Es dudoso que merezca el nombre de Cortes un Ayuntamiento irregular, en el cual se nota la ausencia de los prelados, y se observa que los procuradores tienen una muy limitada participación en los negocios públicos, pues no consta que hubiesen tratado materia alguna de gobierno fuera de la ordenanza para todos los corregidores, y aun esa por vía de consejo.

Tampoco hay noticia de convocatoria posterior a la terminación de las Cortes de Madrid de 1433, por cuya razón, y porque según la Crónica, solamente concurrieron los procuradores de las ciudades (si la omisión de las villas no fue descuido del cronista), debe presumirse que no hubo verdaderas Cortes de Medina del Campo de 1434. Consultó el Rey con los grandes de su reino y algunos procuradores de los que entonces estaban en la corte la ordenanza referida, y no tuvo mayor solemnidad aquel Ayuntamiento646.

Cortes de Madrid de 1435.

A no existir el cuaderno de las Cortes de Madrid de 1435, faltaría la prueba de su celebración: tan profundo es el silencio de la historia.

Asistieron a dichas Cortes los tres estados del reino.

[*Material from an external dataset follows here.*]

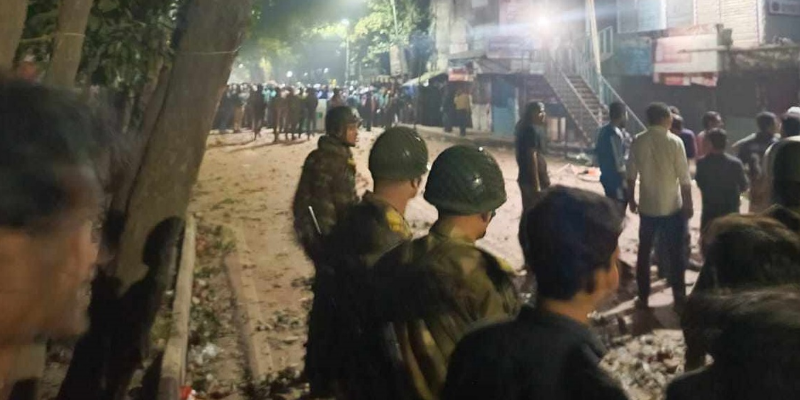 বুটেক্স ও ঢাকা পলিটেকনিক শিক্ষার্থীদের মধ্যে সংঘর্ষ, আর্মি মোতায়েন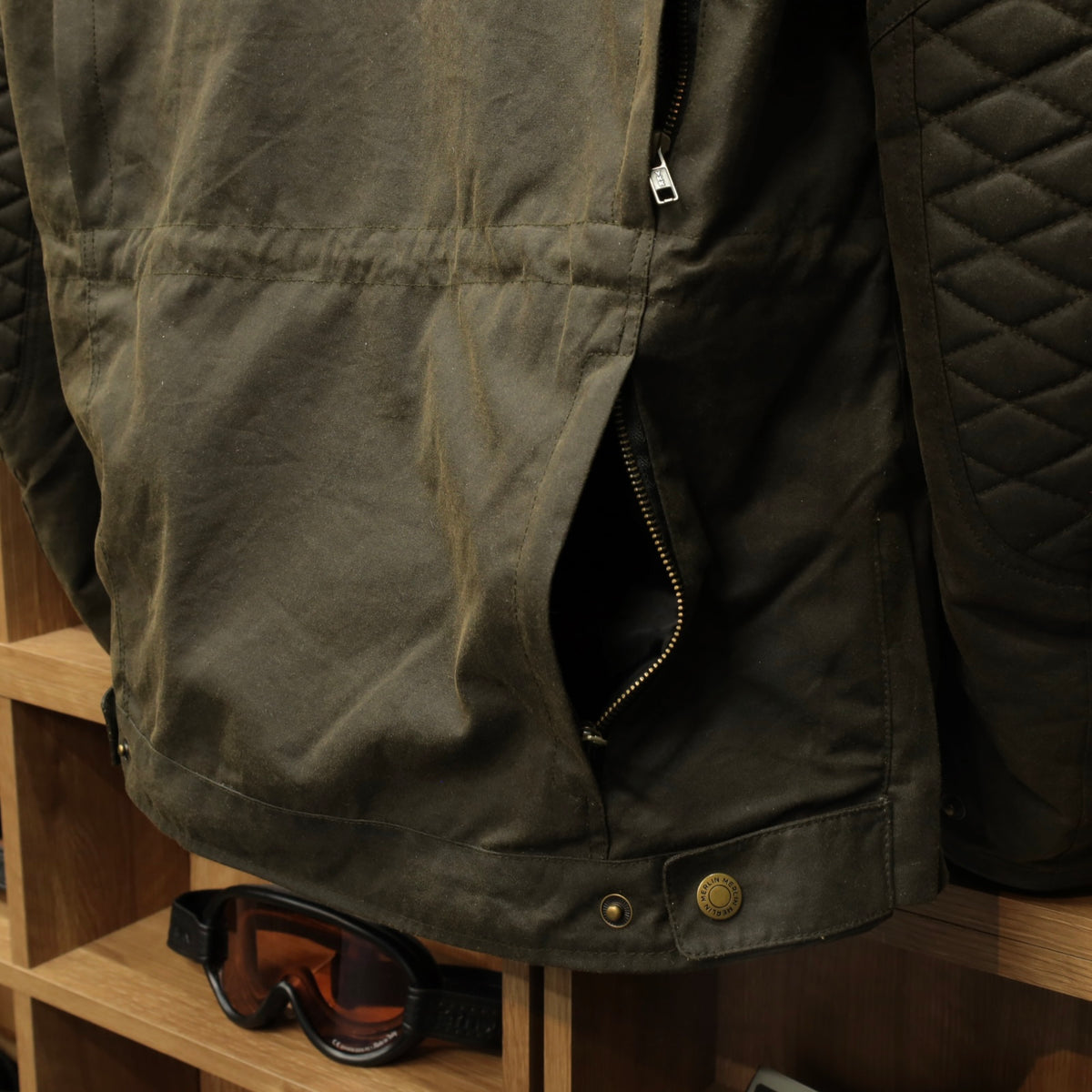 防寒最強 ワックスコットンジャケット "Yoxall II Waxed Cotton Jacket" 【オリーブ】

Los procuradores de las ciudades y villas dieron ciertas peticiones generales, a las que respondió el Rey, según costumbre, con acuerdo de los de su Consejo.

Son las peticiones más extensas que de ordinario, y aun difusas, y ofrecen de singular que muchas veces recuerdan los procuradores al Rey las leyes y ordenanzas hechas en las Cortes de Zamora de 1432, como si las tomasen por modelo y formasen particular empeño en su observancia y cumplimiento.

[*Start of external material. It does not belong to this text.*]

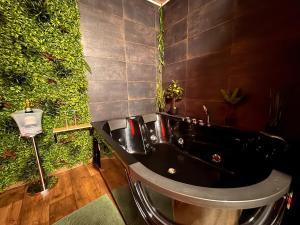 Red Pleasure Room Balneo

En efecto, reclamaron que fuese observado y cumplido el ordenamiento de Zamora acerca de la residencia continua de los oidores y alcaldes en el lugar en donde debían administrar justicia, y pidieron que la Chancillería estuviese seis meses aquende los puertos, y otros seis allende; que los pleitos, así civiles como criminales, se ventilasen y decidiesen ante las justicias de los pueblos, según los antiguos privilegios, usos y costumbres de las ciudades y villas, y no diese el Rey, a ruego de algunas personas, cartas en contrario; que moderase los derechos que llevaban los alcaldes y escribanos; que se abreviase el despacho de los negocios pendientes sobre restitución a los pueblos de los lugares, términos y jurisdicciones que ciertos prelados y caballeros les habían tomado, y se cumpliese la justicia sin estrépito ni figura de juicio, «remota toda apelación o suplicación», y que prohibiese a los regidores dar favor a las personas poderosas empeñadas en esta clase de litigios con las ciudades y villas, so pena de perder los oficios que tuvieren.

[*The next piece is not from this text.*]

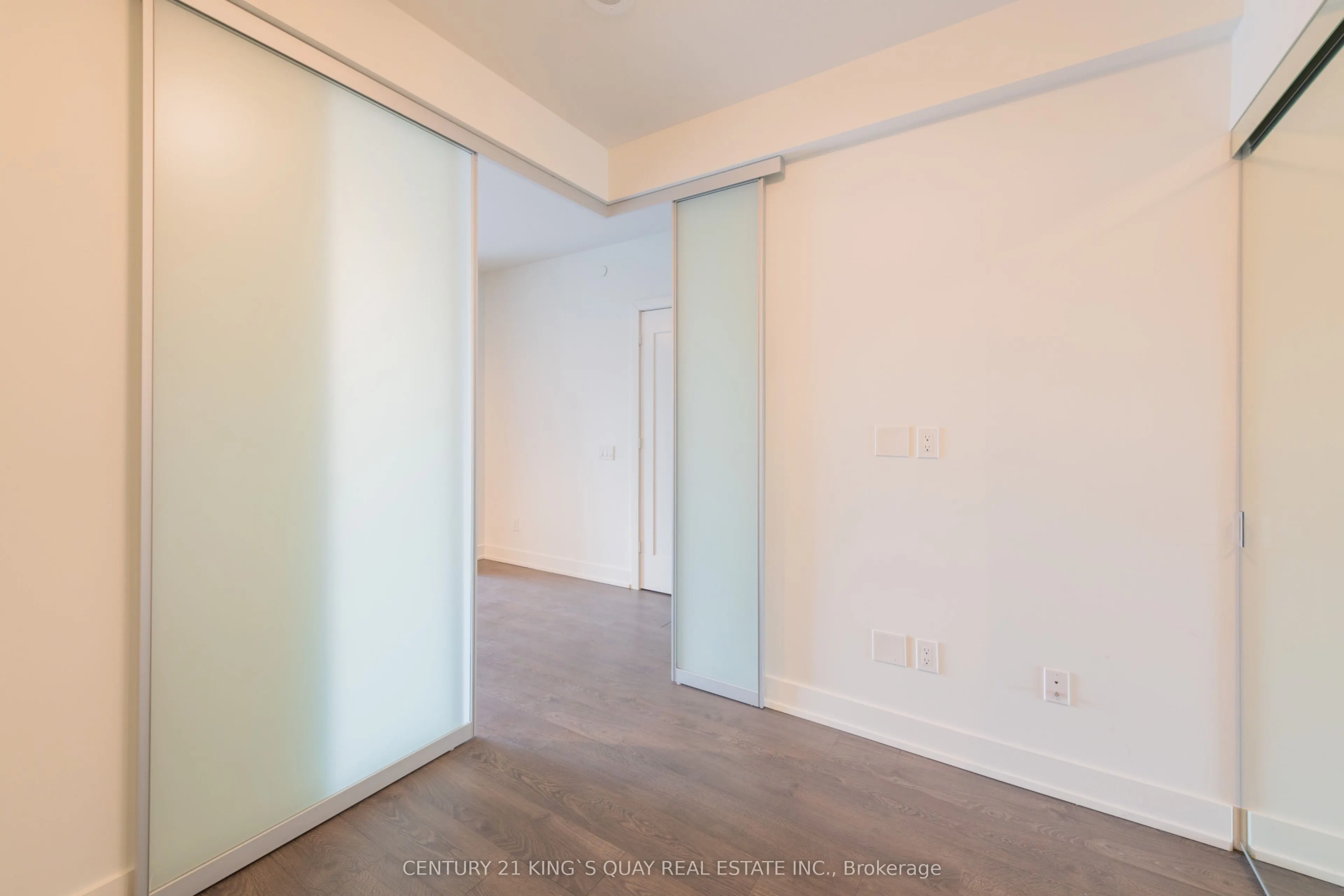 80 Vanauley Street, #219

Había regidores que pospuesto el bien público y no acatando el juramento prestado al tomar posesión de sus cargos, cedían por miedo o se dejaban corromper con dádivas, o como letrados defendían la causa de los señores contra las ciudades y villas de las cuales percibían salario; cosa fea y aborrecible, pues todos debían ser de un solo ánimo en proseguir la justicia, mantener los privilegios y conservar los propios y rentas de la comunidad.

Instaron los procuradores para que no fuesen exentos de la jurisdicción real los rufianes y malhechores que vistiendo de legos, se acogían a la protección de los jueces eclesiásticos a título de corona, y suplicaron al Rey que impetrase bula del Papa, declarando que no debían gozar del privilegio del fuero sino «los dados e dispuestos en oficio a servicio de la Eglesia»; a cuya petición respondió que sobre esto había enviado embajador a la corte de Roma con las convenientes instrucciones.